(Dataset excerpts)
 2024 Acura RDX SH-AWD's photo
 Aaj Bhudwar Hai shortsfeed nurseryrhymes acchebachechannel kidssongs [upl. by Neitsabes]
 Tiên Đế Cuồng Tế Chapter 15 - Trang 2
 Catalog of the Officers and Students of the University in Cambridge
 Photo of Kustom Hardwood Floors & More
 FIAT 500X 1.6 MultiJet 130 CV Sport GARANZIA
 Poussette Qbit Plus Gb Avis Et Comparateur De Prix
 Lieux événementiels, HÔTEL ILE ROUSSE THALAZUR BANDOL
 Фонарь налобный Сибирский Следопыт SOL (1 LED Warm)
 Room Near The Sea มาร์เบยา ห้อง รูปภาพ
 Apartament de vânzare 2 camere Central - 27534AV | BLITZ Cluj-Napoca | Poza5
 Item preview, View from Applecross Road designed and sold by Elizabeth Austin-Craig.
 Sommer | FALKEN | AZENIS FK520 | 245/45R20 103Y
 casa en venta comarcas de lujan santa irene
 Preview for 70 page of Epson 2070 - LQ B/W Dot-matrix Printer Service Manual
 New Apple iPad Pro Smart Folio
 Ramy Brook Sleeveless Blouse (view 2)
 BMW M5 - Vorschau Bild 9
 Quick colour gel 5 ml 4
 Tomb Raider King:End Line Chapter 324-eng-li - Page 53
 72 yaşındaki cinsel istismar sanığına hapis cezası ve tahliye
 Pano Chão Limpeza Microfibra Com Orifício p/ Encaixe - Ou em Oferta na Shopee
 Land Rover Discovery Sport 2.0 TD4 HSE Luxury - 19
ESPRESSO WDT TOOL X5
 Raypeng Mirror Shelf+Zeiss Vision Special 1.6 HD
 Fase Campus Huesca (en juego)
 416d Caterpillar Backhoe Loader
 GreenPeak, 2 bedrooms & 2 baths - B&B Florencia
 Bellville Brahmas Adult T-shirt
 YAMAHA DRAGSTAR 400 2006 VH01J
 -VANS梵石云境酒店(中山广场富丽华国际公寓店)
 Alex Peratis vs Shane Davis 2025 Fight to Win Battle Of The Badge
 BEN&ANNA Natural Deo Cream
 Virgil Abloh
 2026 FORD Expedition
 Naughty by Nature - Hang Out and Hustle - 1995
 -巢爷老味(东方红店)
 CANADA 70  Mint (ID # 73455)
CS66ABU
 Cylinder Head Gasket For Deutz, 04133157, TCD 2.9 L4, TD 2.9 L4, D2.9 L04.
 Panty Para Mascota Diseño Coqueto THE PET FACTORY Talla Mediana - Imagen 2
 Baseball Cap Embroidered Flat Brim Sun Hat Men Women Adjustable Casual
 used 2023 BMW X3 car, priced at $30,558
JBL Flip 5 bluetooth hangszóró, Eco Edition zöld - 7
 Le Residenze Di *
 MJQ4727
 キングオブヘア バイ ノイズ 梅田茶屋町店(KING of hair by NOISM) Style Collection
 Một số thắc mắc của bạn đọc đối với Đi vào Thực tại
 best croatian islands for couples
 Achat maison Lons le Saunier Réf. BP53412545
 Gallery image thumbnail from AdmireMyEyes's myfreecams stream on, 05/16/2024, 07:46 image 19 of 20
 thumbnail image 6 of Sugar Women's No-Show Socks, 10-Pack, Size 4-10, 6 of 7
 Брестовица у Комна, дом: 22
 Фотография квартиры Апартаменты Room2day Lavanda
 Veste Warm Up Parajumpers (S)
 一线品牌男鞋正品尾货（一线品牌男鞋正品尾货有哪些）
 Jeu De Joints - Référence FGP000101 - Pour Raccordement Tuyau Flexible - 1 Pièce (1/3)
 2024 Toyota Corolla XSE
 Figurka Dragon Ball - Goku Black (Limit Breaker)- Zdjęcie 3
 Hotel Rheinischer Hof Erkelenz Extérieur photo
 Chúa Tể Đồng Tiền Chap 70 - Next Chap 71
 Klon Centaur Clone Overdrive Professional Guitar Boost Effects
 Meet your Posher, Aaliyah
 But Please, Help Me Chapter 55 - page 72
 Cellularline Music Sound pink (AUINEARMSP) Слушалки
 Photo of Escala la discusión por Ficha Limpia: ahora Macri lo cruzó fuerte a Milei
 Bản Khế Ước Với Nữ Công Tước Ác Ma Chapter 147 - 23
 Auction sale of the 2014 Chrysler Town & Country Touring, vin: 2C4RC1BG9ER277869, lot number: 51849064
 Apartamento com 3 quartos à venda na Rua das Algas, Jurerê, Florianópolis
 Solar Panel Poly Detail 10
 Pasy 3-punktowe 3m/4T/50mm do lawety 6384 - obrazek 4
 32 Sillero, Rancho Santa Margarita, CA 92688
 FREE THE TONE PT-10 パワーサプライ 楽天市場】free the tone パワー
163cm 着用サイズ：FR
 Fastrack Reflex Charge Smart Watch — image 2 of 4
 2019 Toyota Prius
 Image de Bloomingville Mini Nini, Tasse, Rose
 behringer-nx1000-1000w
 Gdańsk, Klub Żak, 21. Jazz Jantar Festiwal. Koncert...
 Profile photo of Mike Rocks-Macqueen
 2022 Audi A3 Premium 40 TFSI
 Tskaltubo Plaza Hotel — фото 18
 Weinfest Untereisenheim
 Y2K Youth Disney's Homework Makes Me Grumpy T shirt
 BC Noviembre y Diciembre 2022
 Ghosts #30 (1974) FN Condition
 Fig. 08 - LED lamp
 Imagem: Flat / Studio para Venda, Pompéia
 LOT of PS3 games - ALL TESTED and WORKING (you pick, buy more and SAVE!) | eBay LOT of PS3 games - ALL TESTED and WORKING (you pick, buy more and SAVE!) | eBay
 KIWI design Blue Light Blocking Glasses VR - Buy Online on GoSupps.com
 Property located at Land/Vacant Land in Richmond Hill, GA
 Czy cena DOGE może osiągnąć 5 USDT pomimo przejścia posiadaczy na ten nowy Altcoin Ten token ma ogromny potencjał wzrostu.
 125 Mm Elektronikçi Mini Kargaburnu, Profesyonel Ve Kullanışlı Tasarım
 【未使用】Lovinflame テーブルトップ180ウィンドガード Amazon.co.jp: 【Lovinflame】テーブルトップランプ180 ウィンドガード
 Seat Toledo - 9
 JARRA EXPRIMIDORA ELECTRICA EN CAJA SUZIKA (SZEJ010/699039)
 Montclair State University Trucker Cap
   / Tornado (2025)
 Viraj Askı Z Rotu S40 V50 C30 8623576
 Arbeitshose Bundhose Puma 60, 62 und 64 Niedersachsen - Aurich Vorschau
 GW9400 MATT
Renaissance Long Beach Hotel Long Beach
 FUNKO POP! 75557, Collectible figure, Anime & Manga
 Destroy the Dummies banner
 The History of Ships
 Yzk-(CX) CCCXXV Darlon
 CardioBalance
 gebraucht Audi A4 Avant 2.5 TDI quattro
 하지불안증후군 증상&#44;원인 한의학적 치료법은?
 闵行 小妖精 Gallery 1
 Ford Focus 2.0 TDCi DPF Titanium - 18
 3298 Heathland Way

**TO DO**
In the entries above, restate word for word the lines between the one holding "125 Mm Elektronikçi" and the one holding "GW9400 MATT", inclusive, and nothing besides.

**ANSWER FOR THIS EXERCISE**
 125 Mm Elektronikçi Mini Kargaburnu, Profesyonel Ve Kullanışlı Tasarım
 【未使用】Lovinflame テーブルトップ180ウィンドガード Amazon.co.jp: 【Lovinflame】テーブルトップランプ180 ウィンドガード
 Seat Toledo - 9
 JARRA EXPRIMIDORA ELECTRICA EN CAJA SUZIKA (SZEJ010/699039)
 Montclair State University Trucker Cap
   / Tornado (2025)
 Viraj Askı Z Rotu S40 V50 C30 8623576
 Arbeitshose Bundhose Puma 60, 62 und 64 Niedersachsen - Aurich Vorschau
 GW9400 MATT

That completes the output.